# Hidden Markov Models: Linking states to labels after EM training

The tl;dr version first:

I have the following problem: I implemented Baum Welch for ergodic HMMs. I do it like this:

I pass the model two number C1 and C2, it builds a fully connected state machine with C1 states and C2 emissions. I map all tokens from my training data onto the range [0, C2) and each label the HMM is supposed to assign a token during inference onto [0, C1). Then the HMM goes ahead and does Baum Welch Learning. When it is done it has configured its state machine to maximize the likelihood of the training data (locally).

Now to my problem:

Assume I had two isomorphic initial state machines (isomorphic under consideration of all the probabilities, as structurally all the HMMs are isomorphic anyway, because ergodic). They vary only in their state IDs, so the IDs have been scrambled around from one machine to the other. Now, after training both HMMs will be isomorphic again when trained with the same data. That means there is absolutely no connection between the IDs I map the labels from my label set to and the IDs of the states of the HMM. So how then can I interpret the HMM after training?
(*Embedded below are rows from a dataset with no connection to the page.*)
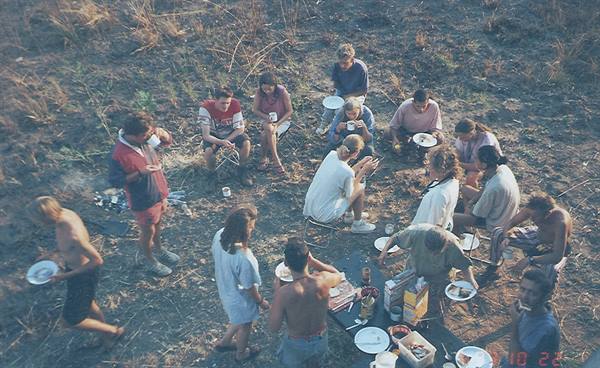 Group of young people standing around a table with plates on dry ground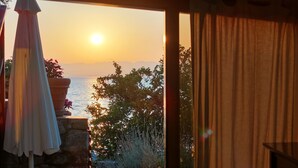 Ein Zimmer mit Meerblick bei Sonnenuntergang, einer Zimmerpflanze und einem Vorhang.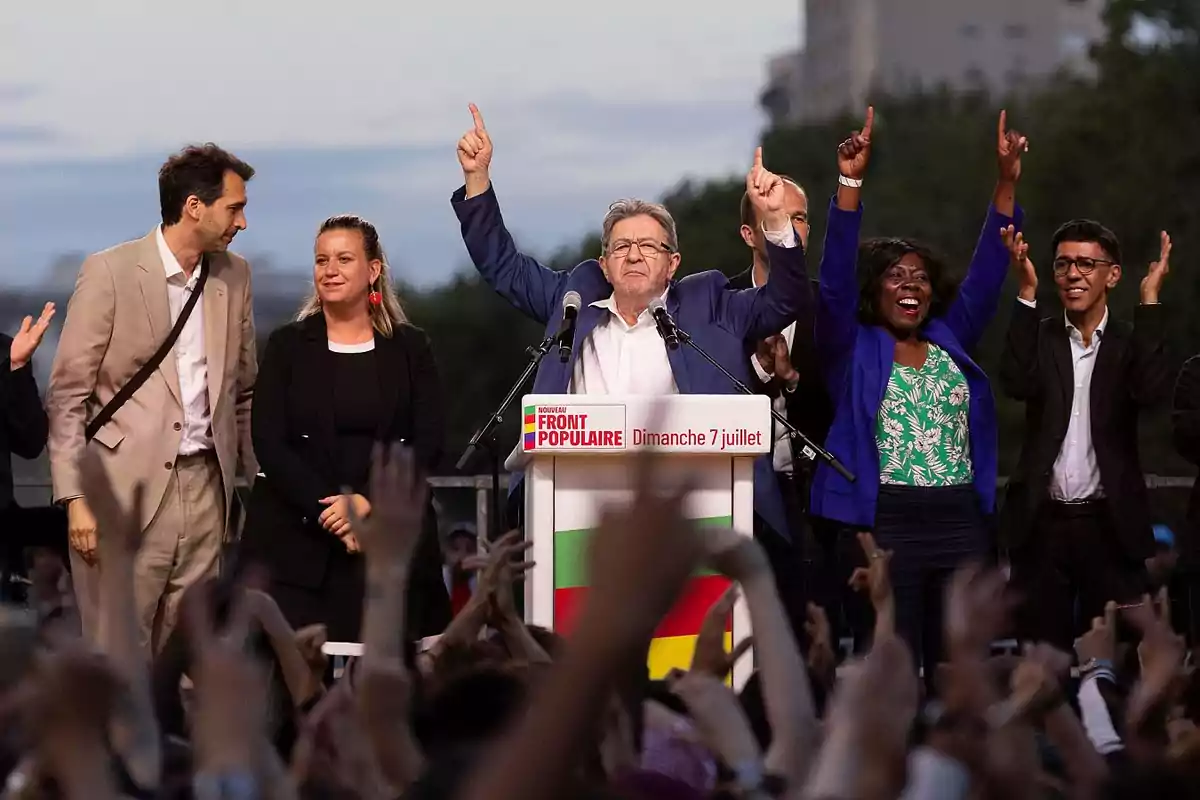 Un grupo de personas en un mitin político con un orador principal levantando los brazos en señal de victoria.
How do I know which state corresponds to which POS-tag? Seems impossible, so I guess I am missing some crucial point.

Now a little more detail if the above was unclear:

I take my training data (texts, like newspaper etc.) and count the number of different words (types).

Then I pass count(types and count(labels) the labels being a set of POS-tags. It then randomly constructs a probabilistic fully connected state machine with pow(count(labels), order_of_model) different states. order_of_model being the number of hidden variables (POS-tag ngrams) that get combined into an individual state. It also assigns each of these states an initial and an emission probability for all of the types.

The model assumes a mapping from [0, pow(count(labels), order_of_model)) as state IDs onto external tuples of labels. And a mapping [0,count(types)-1) for the emissions onto words.